"En photographiant ce que des envoyés spéciaux s'interdiraient peut-être, ils nous confrontent à la brutalité de la guerre. C'est salutaire. A force de se dire (à Paris ndlr), +On ne montre pas d'enfant mort+, on se protège. Nos règles nous éloignent de la réalité", estime Lucas Menget, directeur adjoint de franceinfo, qui a couvert le Moyen-Orient, interrogé vendredi à la sortie de l'exposition de 40 clichés de 16 photographes syriens publiées de 2013 à 2017 par l'AFP.
"Les photos que j'ai prises me brisaient le coeur. Beaucoup n'ont pas été diffusées: personne ne pouvait les regarder. Mais il est important que le monde voie tous ces crimes", confie l'un d'entre eux, Karam Al-Masri, photographe et vidéaste de 26 ans.

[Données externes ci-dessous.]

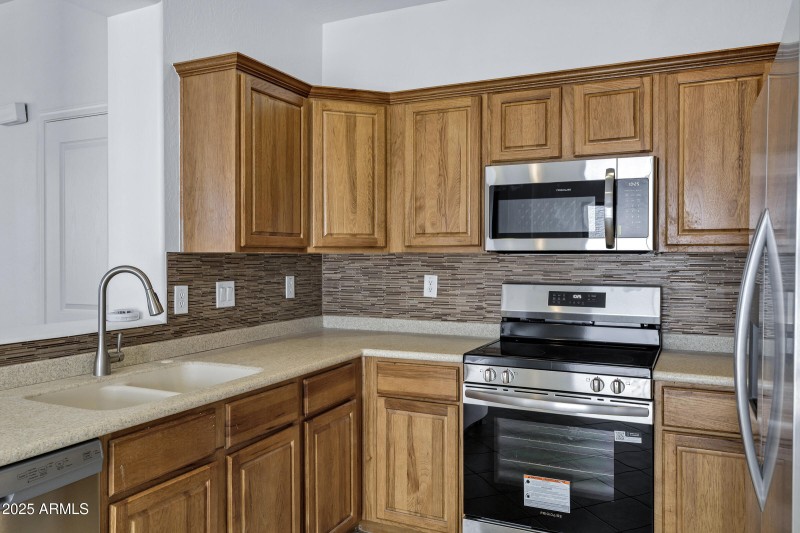 3828 E Trigger Way-14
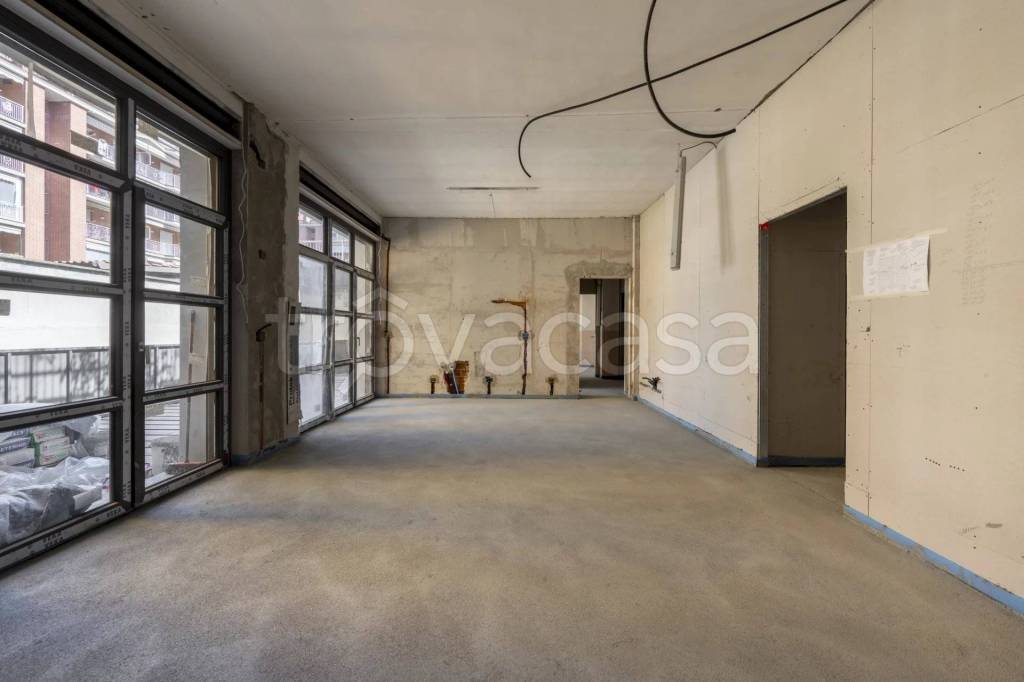 appartamento in vendita a Torino in zona Aurora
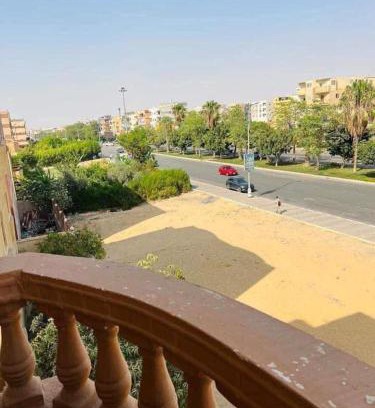 Al Duqqi Apartamento | Hi hi apartment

Le jeune reporter a perdu ses parents pendant qu'il était prisonnier du groupe État islamique, après avoir été torturé par le régime. Ce lauréat de l'Istanbul Photo Awards et du Grand Prix Varenne en 2016 "s'ennuie" aujourd'hui à la Maison des journalistes de Paris, impatient de repartir en zone de guerre.
Nombre des photos exposées dans la paisible chapelle à pans de bois de la Tapisserie de Bayeux montrent des enfants, ensanglantés, morts ou hurlant de douleur face à un corps. Le coeur se serre en effet, mais le regard est soutenable. La lumière extérieure, tamisée par les vitraux de l'ancien édifice religieux, adoucit l'atmosphère.
Leur vécu "les rend un peu plus audacieux. Ils ne mettent pas de gants. Ils dévorent la scène", explique Rana Moussaoui, directrice adjointe, libanaise, du bureau de l'AFP à Beyrouth, auteure avec Karam Al-Masri de poignants récits, publiés sur le blog de l'AFP, sur le quotidien du jeune photographe, qui a parfois travaillé la faim, le froid et le désespoir au ventre.
"En mission éternelle"
"Sang ou pas, je veux montrer chaque seconde, chaque minute, chaque heure de ce conflit, afin que l'opinion internationale voie qu'il ne s'agit pas de chiffres mais d'âmes qui meurent", souligne de son côté Zakaria Abdelkafi, 21 ans, autre photographe syrien exposé. Le reporter, qui a perdu un oeil en Syrie, travaille aujourd'hui à Paris pour l'AFP et une agence turque.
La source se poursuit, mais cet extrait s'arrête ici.